Frosted Chocolate Peanut Butter Protein Brownies

As I mentioned in my last post, I have been doing P90X for a while now (I'm on my 7th week) and have been trying to follow the nutrition guide. There's one thing I'd like to make clear.... this is NOT a diet. It's simply a nutrition plan designed to help people doing the P90X program get the best possible results. What I love about it is that you have the option to follow a menu that tells you exactly what to eat for each meal and snack every day or you can go with the "portion plan" and pick what items you want to eat from the list of categories (carbs, protein, veggies, etc.) based on the appropriate number of portions for your calorie level. This is the option I chose and I've found that it's really easy to follow and it's actually pretty fun coming up with tasty (and healthy!) recipes using the stuff from the list.

So, here is my latest experiment... frosted chocolate peanut butter protein brownies! In Phase 2 of the nutrition plan I'm supposed to shoot for 40% carbs, 40% protein and 20% fat. For the calorie level I'm using that ends up being A LOT of protein so I have to come up with creative ways to get some extra protein in my day without just eating like 2 pounds of chicken. One of the easiest ways to get extra protein is to eat a protein bar, but so many of the bars you find at the store have a ton of sugar (20+ grams per serving for some of them!). I decided that not only would it be healthier to try to make my own bars, but it would actually be more cost effective since protein bars generally cost $1 to $3 each.
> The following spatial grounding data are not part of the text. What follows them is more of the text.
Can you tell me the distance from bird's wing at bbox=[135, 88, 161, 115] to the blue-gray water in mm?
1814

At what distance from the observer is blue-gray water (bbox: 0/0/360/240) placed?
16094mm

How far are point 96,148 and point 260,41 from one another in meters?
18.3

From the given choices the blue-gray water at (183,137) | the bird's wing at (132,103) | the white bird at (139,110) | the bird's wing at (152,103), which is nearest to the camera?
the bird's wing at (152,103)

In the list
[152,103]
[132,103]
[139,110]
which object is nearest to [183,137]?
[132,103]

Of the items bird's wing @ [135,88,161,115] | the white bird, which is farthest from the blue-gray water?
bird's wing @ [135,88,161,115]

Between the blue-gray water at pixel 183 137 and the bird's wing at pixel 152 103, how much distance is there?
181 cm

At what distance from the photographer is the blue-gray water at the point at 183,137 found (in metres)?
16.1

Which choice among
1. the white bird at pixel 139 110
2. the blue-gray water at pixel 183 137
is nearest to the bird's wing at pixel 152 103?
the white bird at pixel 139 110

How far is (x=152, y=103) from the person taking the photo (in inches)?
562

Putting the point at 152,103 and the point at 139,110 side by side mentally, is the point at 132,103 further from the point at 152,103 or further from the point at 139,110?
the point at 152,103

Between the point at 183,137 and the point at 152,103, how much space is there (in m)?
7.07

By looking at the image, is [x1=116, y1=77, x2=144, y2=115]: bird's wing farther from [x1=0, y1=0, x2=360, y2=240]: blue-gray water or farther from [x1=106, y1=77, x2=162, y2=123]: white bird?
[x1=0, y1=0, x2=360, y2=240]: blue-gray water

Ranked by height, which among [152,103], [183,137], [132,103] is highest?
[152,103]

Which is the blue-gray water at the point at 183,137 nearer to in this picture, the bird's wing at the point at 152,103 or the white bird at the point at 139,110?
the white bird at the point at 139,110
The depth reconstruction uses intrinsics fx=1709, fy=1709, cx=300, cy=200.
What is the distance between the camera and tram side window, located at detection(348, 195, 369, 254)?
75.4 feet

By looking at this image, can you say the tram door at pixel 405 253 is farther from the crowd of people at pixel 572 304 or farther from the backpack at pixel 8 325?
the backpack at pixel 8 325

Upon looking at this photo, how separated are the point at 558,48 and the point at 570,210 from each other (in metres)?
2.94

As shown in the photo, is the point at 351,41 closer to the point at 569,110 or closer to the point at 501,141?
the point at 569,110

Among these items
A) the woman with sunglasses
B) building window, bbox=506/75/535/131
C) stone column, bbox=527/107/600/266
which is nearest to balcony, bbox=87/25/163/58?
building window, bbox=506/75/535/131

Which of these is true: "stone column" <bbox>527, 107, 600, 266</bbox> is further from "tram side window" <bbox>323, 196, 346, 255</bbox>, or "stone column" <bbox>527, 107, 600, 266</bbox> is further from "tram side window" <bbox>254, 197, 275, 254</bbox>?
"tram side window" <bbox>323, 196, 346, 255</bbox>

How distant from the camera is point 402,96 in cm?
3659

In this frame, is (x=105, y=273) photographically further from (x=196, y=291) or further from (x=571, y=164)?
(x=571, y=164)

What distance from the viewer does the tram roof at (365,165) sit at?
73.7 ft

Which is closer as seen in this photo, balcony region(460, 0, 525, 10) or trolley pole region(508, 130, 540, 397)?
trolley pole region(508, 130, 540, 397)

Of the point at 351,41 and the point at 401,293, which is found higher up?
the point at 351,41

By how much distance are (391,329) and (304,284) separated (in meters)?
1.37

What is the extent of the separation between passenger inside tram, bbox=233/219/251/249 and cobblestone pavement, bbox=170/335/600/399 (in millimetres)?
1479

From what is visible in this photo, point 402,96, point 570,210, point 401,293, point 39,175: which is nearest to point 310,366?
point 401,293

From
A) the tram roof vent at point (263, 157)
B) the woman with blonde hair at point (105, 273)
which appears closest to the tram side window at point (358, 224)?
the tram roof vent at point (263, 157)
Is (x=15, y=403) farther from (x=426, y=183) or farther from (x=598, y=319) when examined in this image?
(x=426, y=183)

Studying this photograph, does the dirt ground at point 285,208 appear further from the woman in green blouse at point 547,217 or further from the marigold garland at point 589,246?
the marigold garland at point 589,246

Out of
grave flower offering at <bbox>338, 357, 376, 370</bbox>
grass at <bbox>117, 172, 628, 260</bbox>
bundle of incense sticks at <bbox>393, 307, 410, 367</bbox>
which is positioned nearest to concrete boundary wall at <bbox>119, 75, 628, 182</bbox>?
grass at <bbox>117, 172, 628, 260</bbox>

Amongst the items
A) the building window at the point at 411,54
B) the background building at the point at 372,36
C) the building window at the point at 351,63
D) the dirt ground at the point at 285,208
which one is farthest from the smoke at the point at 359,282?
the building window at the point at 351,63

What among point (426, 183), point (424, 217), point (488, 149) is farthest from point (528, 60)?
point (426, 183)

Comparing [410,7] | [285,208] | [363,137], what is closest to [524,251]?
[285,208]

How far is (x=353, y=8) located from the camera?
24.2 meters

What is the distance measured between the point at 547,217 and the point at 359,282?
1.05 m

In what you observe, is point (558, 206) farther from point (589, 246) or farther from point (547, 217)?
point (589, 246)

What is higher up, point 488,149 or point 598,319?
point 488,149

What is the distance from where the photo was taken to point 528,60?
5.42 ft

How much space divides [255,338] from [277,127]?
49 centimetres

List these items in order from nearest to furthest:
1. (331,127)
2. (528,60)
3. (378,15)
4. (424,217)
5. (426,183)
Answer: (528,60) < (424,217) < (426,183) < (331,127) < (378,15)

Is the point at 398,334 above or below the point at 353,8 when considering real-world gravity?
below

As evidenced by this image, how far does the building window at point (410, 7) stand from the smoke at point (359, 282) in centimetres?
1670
I made my first attempt using this recipe for peanut butter protein bars. I'm not sure whether it was because I used powdered peanut butter in place of the peanut flour (does anyone know how much difference there is?) but I didn't think they turned out very well. I found them a little tasteless and dry.
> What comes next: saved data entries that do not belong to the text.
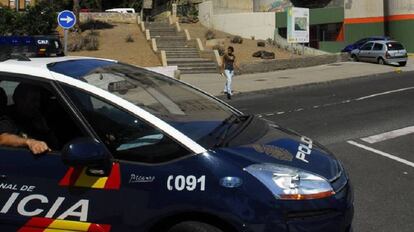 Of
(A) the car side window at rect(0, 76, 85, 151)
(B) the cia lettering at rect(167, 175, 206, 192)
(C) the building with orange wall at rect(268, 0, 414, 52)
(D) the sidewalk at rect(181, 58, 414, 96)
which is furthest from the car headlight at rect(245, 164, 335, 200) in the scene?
(C) the building with orange wall at rect(268, 0, 414, 52)

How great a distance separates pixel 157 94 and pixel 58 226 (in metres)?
1.18

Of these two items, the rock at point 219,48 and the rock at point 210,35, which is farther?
the rock at point 210,35

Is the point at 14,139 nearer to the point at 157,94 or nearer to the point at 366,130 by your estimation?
the point at 157,94

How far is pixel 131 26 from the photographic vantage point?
42031 millimetres

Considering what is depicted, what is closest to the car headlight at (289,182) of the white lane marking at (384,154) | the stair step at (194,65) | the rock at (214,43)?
the white lane marking at (384,154)

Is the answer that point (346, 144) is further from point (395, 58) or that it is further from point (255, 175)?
point (395, 58)

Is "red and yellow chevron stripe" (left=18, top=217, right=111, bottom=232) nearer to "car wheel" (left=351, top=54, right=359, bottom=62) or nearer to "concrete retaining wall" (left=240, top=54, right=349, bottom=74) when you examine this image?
"concrete retaining wall" (left=240, top=54, right=349, bottom=74)

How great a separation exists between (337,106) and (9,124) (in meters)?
11.8

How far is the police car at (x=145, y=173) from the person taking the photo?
3236mm

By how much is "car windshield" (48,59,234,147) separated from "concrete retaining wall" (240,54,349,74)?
919 inches

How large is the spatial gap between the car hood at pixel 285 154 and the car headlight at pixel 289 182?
0.05m

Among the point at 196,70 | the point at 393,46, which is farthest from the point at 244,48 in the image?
the point at 393,46

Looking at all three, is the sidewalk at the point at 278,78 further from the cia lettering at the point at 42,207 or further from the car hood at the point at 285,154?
the cia lettering at the point at 42,207

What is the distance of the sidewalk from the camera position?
21.6m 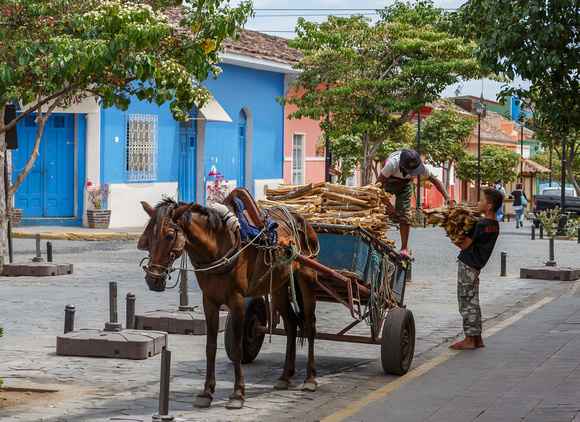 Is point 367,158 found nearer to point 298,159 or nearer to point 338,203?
point 298,159

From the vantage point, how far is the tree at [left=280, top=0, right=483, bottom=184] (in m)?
27.1

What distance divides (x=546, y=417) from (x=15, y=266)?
10825mm

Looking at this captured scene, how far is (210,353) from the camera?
21.8 ft

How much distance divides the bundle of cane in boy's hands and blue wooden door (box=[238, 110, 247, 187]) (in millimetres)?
22157

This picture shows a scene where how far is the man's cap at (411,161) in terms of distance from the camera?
9.70 m

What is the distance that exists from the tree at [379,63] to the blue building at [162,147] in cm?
246

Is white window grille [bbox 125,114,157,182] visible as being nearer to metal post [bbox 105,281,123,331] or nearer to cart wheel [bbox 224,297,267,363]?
metal post [bbox 105,281,123,331]

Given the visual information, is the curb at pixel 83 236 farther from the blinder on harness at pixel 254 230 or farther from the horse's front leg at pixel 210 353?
the horse's front leg at pixel 210 353

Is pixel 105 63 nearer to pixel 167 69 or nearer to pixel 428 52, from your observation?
pixel 167 69

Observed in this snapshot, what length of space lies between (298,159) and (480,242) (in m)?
26.2

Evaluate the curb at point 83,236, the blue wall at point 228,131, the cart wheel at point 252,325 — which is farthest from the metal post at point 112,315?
the blue wall at point 228,131

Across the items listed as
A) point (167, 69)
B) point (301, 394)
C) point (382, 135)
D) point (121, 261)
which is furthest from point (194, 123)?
point (301, 394)

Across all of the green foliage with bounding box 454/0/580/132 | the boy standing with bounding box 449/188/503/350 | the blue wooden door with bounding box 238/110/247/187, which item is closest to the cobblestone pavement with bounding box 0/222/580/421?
the boy standing with bounding box 449/188/503/350

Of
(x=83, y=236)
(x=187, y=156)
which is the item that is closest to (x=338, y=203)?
(x=83, y=236) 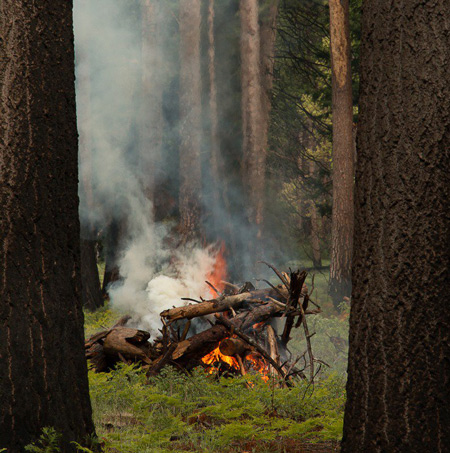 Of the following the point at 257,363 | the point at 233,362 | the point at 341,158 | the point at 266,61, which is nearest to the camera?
the point at 233,362

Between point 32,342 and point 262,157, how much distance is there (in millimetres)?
12635

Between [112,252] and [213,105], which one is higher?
[213,105]

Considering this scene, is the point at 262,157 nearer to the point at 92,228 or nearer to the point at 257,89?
the point at 257,89

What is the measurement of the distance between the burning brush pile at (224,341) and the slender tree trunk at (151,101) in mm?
8224

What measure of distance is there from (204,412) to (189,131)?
405 inches

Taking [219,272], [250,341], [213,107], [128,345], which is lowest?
[128,345]

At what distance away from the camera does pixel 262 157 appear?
16047 mm

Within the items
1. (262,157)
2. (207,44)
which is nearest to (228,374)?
(262,157)

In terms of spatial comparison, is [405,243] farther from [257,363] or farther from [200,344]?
[257,363]

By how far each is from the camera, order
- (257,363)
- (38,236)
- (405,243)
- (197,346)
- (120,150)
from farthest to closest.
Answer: (120,150)
(257,363)
(197,346)
(38,236)
(405,243)

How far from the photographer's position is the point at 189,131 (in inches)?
586

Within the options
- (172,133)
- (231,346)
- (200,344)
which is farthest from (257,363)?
(172,133)

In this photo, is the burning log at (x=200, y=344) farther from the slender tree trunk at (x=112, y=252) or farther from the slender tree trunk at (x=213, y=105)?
the slender tree trunk at (x=213, y=105)

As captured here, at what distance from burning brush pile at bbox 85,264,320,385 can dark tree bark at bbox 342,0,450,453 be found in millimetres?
3287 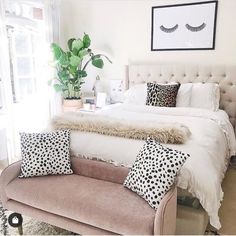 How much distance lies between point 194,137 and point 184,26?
1860mm

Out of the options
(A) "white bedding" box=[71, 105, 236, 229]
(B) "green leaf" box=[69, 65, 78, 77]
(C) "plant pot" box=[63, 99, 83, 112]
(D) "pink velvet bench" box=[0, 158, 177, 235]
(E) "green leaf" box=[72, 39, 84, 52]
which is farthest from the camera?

 I wanted to try again but didn't think that doctoring the recipe a little bit would be enough, so I set out to completely make up a recipe. I did a little research about various leavening ingredients, baking powder versus baking soda, etc. and compiled some of the ingredients I knew I wanted to include - powdered peanut butter, chocolate whey powder, applesauce (to keep it moist), egg whites and baking powder (to make it rise) and regular peanut butter (to make the topping). Once I had all my ingredients I began tinkering with quantities, using various brownie/protein bar recipes I found online for reference. Then I tested the recipe!
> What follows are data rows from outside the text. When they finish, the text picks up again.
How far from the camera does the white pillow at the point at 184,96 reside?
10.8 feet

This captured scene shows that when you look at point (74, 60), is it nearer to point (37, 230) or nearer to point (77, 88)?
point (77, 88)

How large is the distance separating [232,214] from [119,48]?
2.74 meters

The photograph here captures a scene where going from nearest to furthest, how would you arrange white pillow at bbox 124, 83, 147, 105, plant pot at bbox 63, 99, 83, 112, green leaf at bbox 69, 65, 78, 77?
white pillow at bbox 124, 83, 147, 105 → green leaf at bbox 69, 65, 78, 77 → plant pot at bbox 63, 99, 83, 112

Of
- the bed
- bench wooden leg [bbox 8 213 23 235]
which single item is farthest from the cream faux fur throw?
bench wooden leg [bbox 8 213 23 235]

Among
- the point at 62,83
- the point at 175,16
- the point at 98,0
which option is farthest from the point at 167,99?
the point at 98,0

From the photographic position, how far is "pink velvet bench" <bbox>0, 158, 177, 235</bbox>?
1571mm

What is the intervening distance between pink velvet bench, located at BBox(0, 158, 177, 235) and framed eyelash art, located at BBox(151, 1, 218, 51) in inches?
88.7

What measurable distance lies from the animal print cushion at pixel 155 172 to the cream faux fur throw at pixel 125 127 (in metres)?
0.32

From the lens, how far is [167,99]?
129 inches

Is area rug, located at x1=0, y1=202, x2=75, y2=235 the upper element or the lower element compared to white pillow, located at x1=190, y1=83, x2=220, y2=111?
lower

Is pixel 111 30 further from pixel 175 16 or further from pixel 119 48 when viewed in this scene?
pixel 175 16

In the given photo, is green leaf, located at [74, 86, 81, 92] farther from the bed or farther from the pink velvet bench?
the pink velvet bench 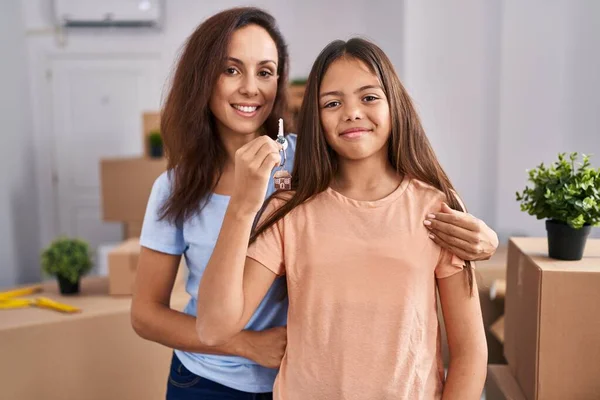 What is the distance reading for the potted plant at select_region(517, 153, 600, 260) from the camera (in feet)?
4.12

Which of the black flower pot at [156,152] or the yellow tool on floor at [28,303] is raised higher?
the black flower pot at [156,152]

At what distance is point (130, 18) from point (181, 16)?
0.38 metres

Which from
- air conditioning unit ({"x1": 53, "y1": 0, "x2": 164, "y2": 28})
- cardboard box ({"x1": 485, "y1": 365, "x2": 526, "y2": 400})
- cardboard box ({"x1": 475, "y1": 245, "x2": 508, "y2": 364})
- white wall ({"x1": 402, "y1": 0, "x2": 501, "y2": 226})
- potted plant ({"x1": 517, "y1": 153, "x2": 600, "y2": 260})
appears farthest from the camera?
air conditioning unit ({"x1": 53, "y1": 0, "x2": 164, "y2": 28})

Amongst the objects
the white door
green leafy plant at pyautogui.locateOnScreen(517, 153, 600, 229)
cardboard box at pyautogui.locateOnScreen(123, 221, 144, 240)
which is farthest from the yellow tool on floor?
the white door

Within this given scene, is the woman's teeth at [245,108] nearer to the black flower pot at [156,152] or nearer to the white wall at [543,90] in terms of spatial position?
the white wall at [543,90]

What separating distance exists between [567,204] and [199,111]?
0.84 metres

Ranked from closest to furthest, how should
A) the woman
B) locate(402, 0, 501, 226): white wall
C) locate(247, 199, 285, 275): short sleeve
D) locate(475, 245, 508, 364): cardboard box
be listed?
locate(247, 199, 285, 275): short sleeve
the woman
locate(475, 245, 508, 364): cardboard box
locate(402, 0, 501, 226): white wall

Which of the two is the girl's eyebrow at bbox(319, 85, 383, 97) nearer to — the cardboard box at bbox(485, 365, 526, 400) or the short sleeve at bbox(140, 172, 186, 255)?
the short sleeve at bbox(140, 172, 186, 255)

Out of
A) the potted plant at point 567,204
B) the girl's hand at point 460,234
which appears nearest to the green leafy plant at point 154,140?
the potted plant at point 567,204

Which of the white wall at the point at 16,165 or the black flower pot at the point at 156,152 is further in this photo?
the white wall at the point at 16,165

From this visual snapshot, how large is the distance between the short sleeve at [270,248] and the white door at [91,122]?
3657 millimetres

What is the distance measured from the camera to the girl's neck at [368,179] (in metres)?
1.07

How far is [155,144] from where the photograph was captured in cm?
347

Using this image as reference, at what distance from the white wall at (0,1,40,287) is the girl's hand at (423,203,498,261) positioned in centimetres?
329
I began by whisking the wet ingredients and the dry ingredients in separate bowls then added the wet ingredients to the dry, whisking them together. I then poured the batter into a foil-lined 8x8 square baking pan. It came out just fine once it cooled but in retrospect it might have been a good idea to spray the foil or just spray the pan and cut out the foil. I threw the brownies in the oven at 350 for 10 minutes and it began to rise a little bit but was still pretty moist. So, I turned up the heat to 400 and baked them for another 10 minutes and they came out perfect! Very moist and cakey with that brownie-like flakey crust on top.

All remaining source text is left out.